Pixel Flow at a Glance
| Area | Main entry | Best for | Notes |
|---|---|---|---|
| Entry points | Browser toolbar and page context menu | Opening Pixel Flow from the current page | Pixel Flow works when you actively open it or use the context menu. |
| Capture workflow | Capture Page Images in Bulk | Scanning, filtering, previewing, selecting, downloading, and exporting images | Some batch actions may depend on PRO or quota state. |
| Image review | Analyze One Image and Its Source | Checking dimensions, format, source URL, EXIF, AI clues, and AIGC parameters | Analysis results are clues, not reuse permission. |
| Current page actions | Manage Current Page Images | Starting from the page context menu | Useful when you are already working inside a specific page. |
| Account help | Invite Code and Referral Rewards and Contact Support | Reward records, issue reporting, and support handoff | Include account, browser, and page context when reporting issues. |
| Data protection | Data Safety Notice and Data Backup and Import | Avoiding local data loss before uninstalling, reinstalling, or switching devices | Back up before changing browser or extension data. |
Common Starting Points
- For your first run, start with First Session in 3 Minutes.
- If you are not sure where to begin, read Where Should I Start?.
- To collect images from a web page, go to Capture Page Images in Bulk.
- To inspect image source and technical details, go to Analyze One Image and Its Source.
- To compare access tiers, read Free vs Pro.
Permission and Data Boundaries
Pixel Flow helps preserve source URLs, page context, download history, and exported records, but those records are review clues, not copyright permission.
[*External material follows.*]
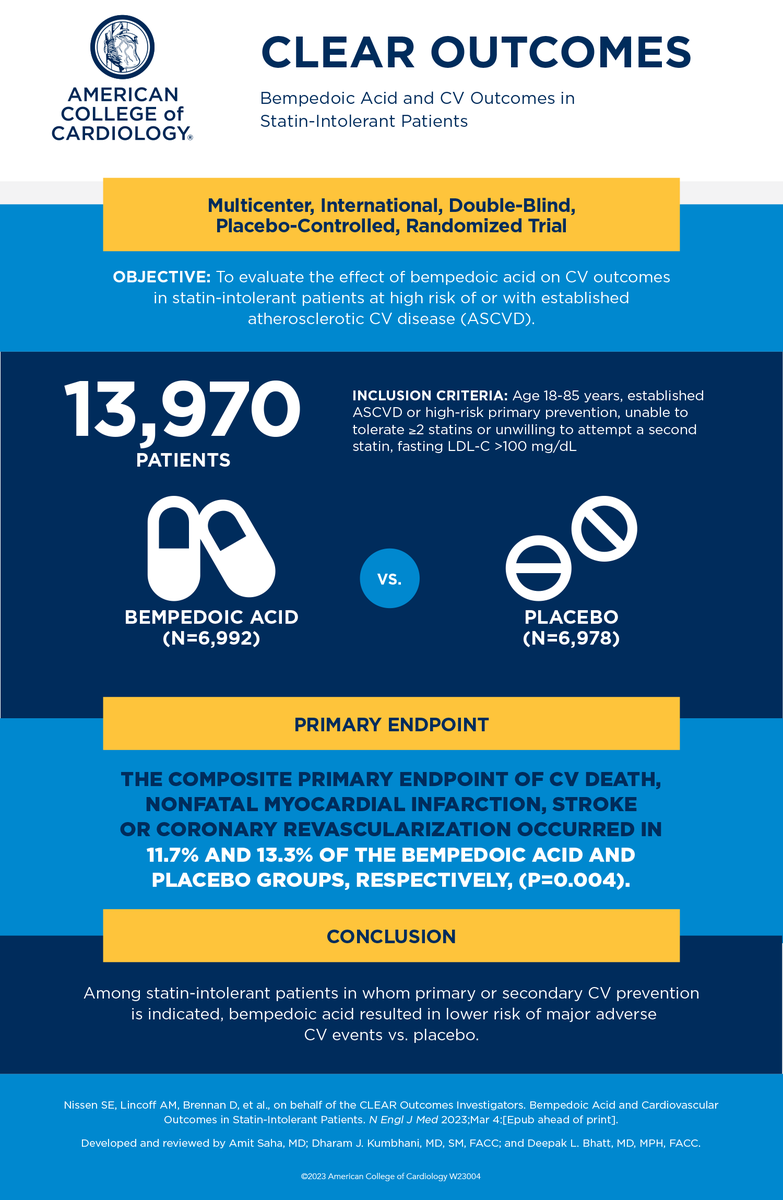 American College of Cardiology tweet media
Before publishing, client delivery, commercial use, redistribution, or dataset preparation, separately confirm image rights, website terms, publicity rights, trademark limits, and your internal review rules.
Library items, tags, download history, and some settings mainly rely on local extension data in the browser. Before uninstalling the extension, clearing browser data, reinstalling Chrome, or moving to a new device, export a backup package.